Which configuration to choose has been a source of heated debate since the early days of the sport. More and more, it seems fully suspended bikes are gaining acceptance as the preferred trail rig. That being said, hardtails and full-suspension bikes each have their pros and cons.
Weight. Generally speaking, hardtails are lighter than full suspension bikes at the same price point. As evidenced by the mix of hardtail and full-suspension bikes on the pro XC race circuit, it is debatable weather this weight savings equates to quicker lap times. Some argue that the bump absorption allows the rider to sit and pedal through rough terrain that would force a hardtail rider out of the saddle.
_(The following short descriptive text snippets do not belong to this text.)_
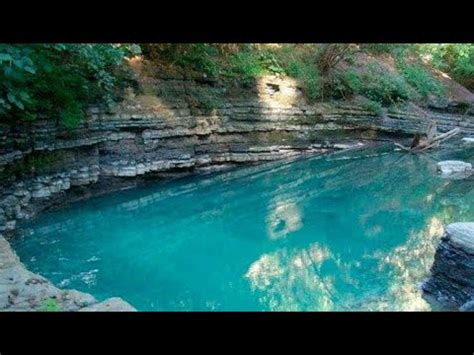 Termas Rio Jordan Jujuy Argentina Youtube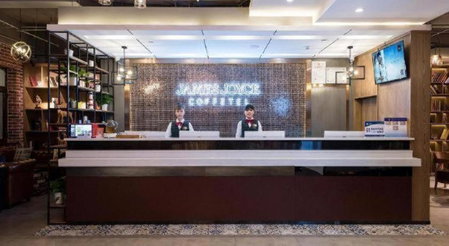 James Joyce Coffetel Beijing Yizhuang Development Zone Chicheng Times Square, Beijing, China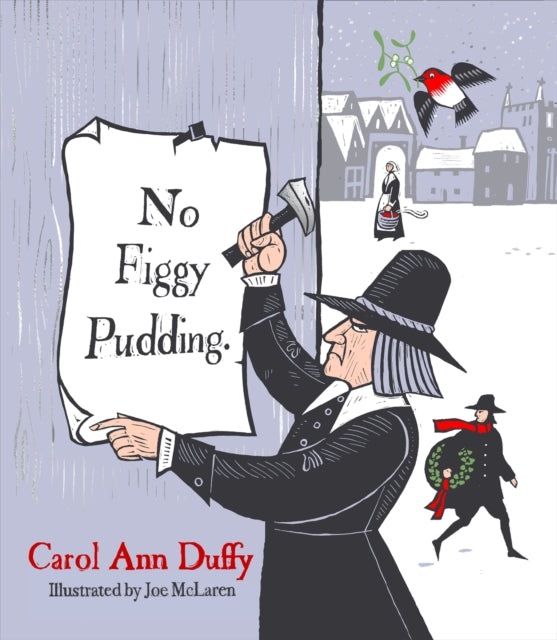 No Figgy Pudding - Book from The Bookhouse Broughty Ferry- Just £12.99! Shop now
Rigidity. The pivots and bushings/bearings of the full-suspension bike can mean more flex. In most cases, the hardtail will provide a more efficient peddling platform on smooth terrain. The actual rear suspension itself can be a power leak if there is pedal induced bobbing. In recent years, however, many of the manufacturers have found ways to make the rear suspension know the difference between a bump and a strong pedal stroke from the rider, making this less of an issue than it was with the bouncy early full-suspension designs.
Value. you will almost always be able to get more bang for your buck with a hardtail. If you examine a hardtail and full-suspension bike at the same price point, you will almost always find that the hardtail is spec'ed with nicer components.
So, which one is right for you? It really depends on what type of riding you are looking to do. If flat dirt, or paved trails are your bag, than you may get more value out of a hardtail. If performance trail riding on advanced, technical trails is more your speed, than you may want to consider the pros and cons a bit more closely before pulling the trigger.